### The data:
::::::::::
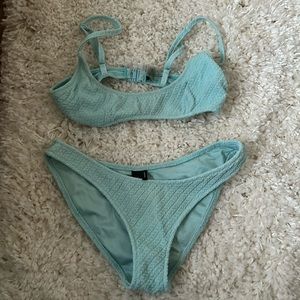 Light blue triangl bikini size XXS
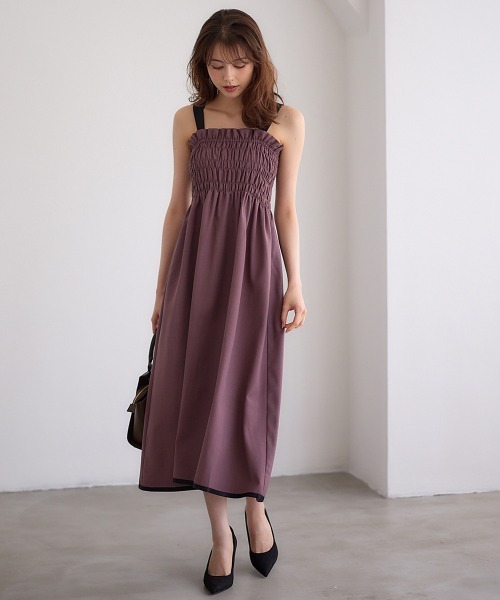 12Twelve Agenda ワンピース ショルダーリボンロングワンピース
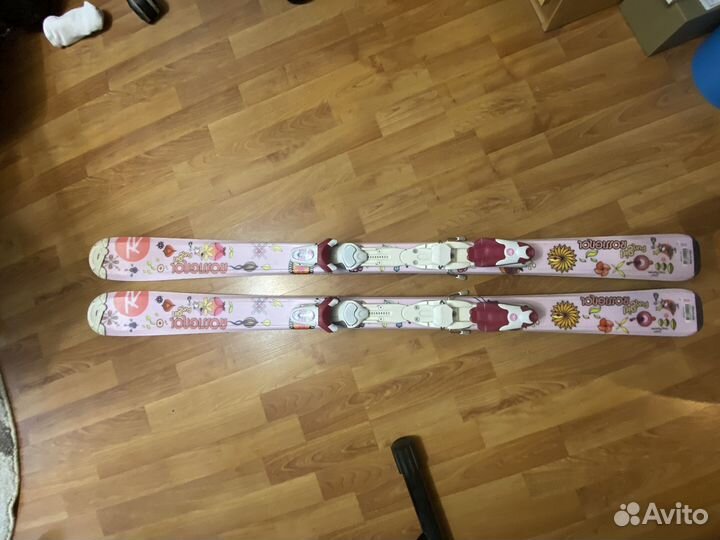 Горнолыжные ботинки lange 23,5 и горные лыжи 130см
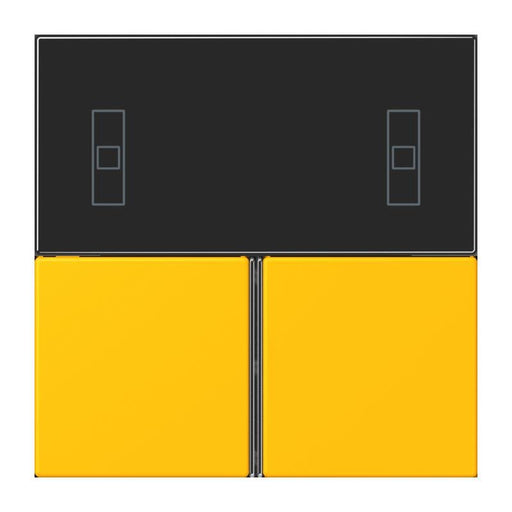 Jung - Abdeckung/Bedienelement für Installationsschalterprogramme Tastensatz 3fach LC 4093 TSA 263 le jaune vif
::::::::::
### What is required:
Return the lines of the data above in full and exactly, with no pictures.

### Reply:
 Light blue triangl bikini size XXS
 12Twelve Agenda ワンピース ショルダーリボンロングワンピース
 Горнолыжные ботинки lange 23,5 и горные лыжи 130см
 Jung - Abdeckung/Bedienelement für Installationsschalterprogramme Tastensatz 3fach LC 4093 TSA 263 le jaune vif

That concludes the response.